This is not my bride. But it *is* Marilynne Robinson, the gifted American author, about whom and from whom more in a moment. (Guardian photo)

My bride asks me some hard questions sometimes. Labour Day Monday’s was, What do you want your blog to be? What’s if for, anyway? I mumbled my usual answers, which she cut short with a familiar refrain: I think it needs to be more focused. Who’s your audience? I get your latest posting and I never know what it’s going to be about.
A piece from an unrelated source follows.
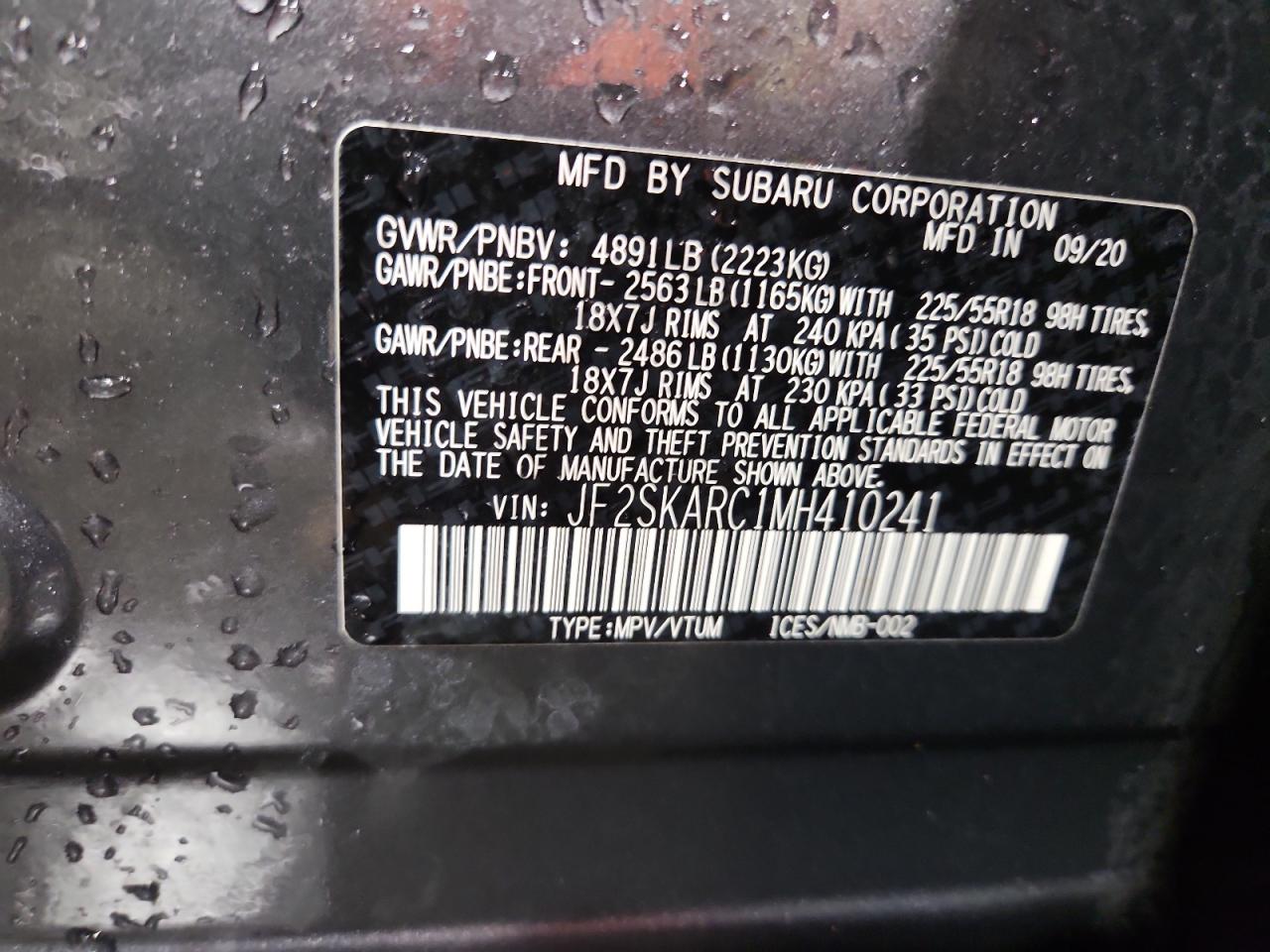 SUBARU FORESTER SPORT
She says that with the unmistakeable This Is Not A Good Thing tone. The Dissatisfied Client tone. I resist, naturally. I like writing about different subjects. Don’t you love it when you go to the movies and you find yourself thinking, Gee crappy, I don’t know WHERE this is going! I do. I find that thrilling, as long as I trust that I’m in good hands. Besides, writing helps me learn, and I have lots of things I like to learn about. Such would be my arguments, if I was feeling, say, defensive.

However, my lady is probably right: it seems most people like to be on familiar ground at Movie Time, and that people return to a Dave Zirin Edge of Sports column, or a Stephen King novel, or the latest reboot of the hottest superhero flick franchise – moving from the countercultural through the cultural to the culture-of-mass-consumption – because they pretty much know what they’re going to get, and they like that. Meanwhile, I expect my readers to enjoy running the gauntlet of my popping-corn enthusiasms, “madly off in all directions”, as Thurber once wrote. Well, sorry about that, readers!
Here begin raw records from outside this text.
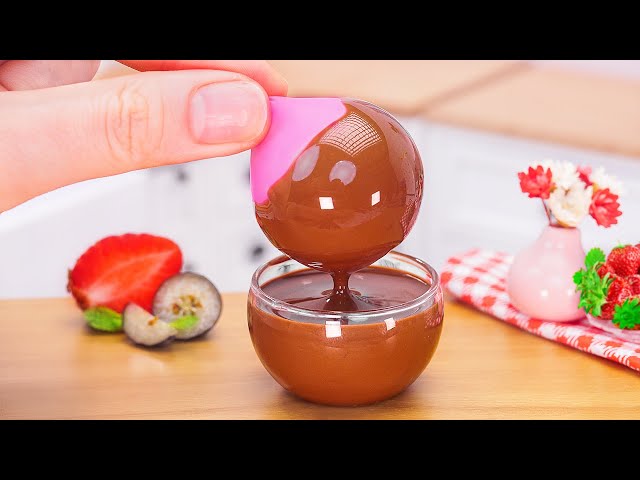 Melting Miniature Magic Chocolate Ball Recipe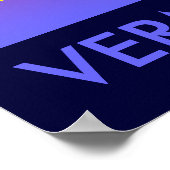 Abfahrtsvermont Poster (Ecke)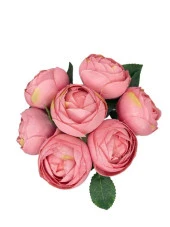 Nettenevime Yapay Çiçek 10lu Pembe Şakayık Demeti Erengül Gelin Buketi Çiçeği - 4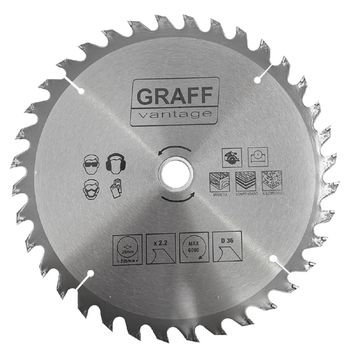 Serra Circular C/ Pastilha de Metal Duro P/ Madeira 9.1/4''x36D (579,0007) - Graff Vantage - Ritec Máquinas e Ferramentas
It’s something to ponder, though.

Earlier, my wife had also had this question, given that it’s Labour Day, and our son heads back to high school tomorrow, and I’ve been teaching on that WonderDreadFul Tuesday nearly every year of my adult life. She asked, So are you having your teacher dreams?
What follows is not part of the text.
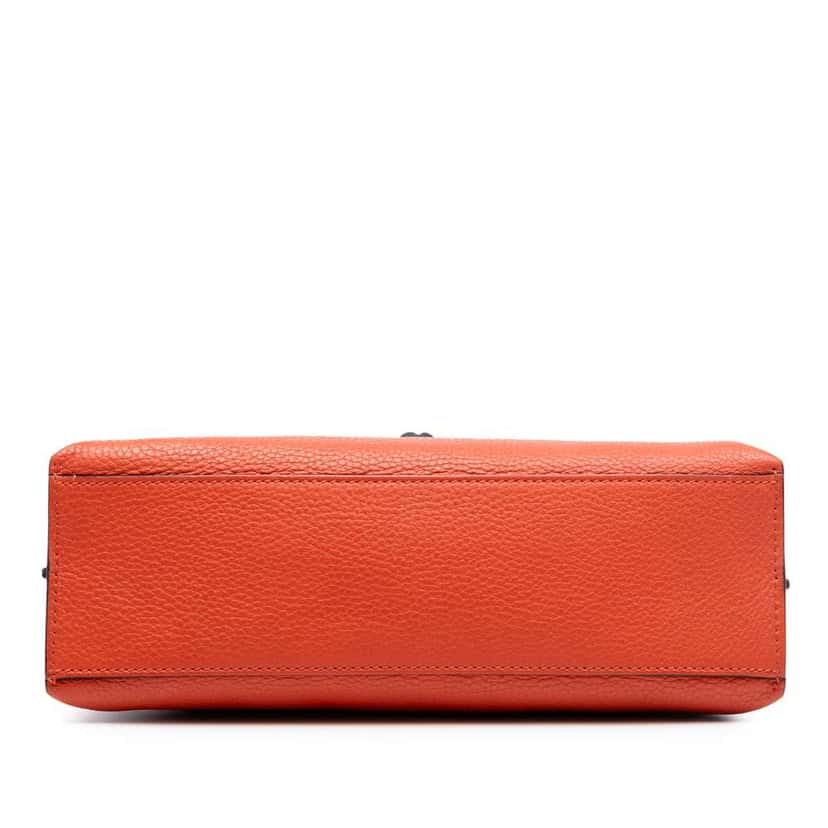 Gucci Small Leather Bamboo Daily Satchel Orange Leather Very good condition - Inside View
This answer was easy, but I didn’t quite believe myself. Because the answer was NO. One sabbatical year years back, my late August was still filled with can’t find the classroom, teaching a subject I’ve never thought about, general performance-anxiety-ridden can I still DO this thing? mid-night theatre. Later on, when for three straight Septembers I was writing within the Canadian government, it was the same out-of-synch story. Weirdly, my subconscious believed I’d be back in the classroom even though I clearly wouldn’t be. But not this year, at least not that I can remember. I’m still surprised.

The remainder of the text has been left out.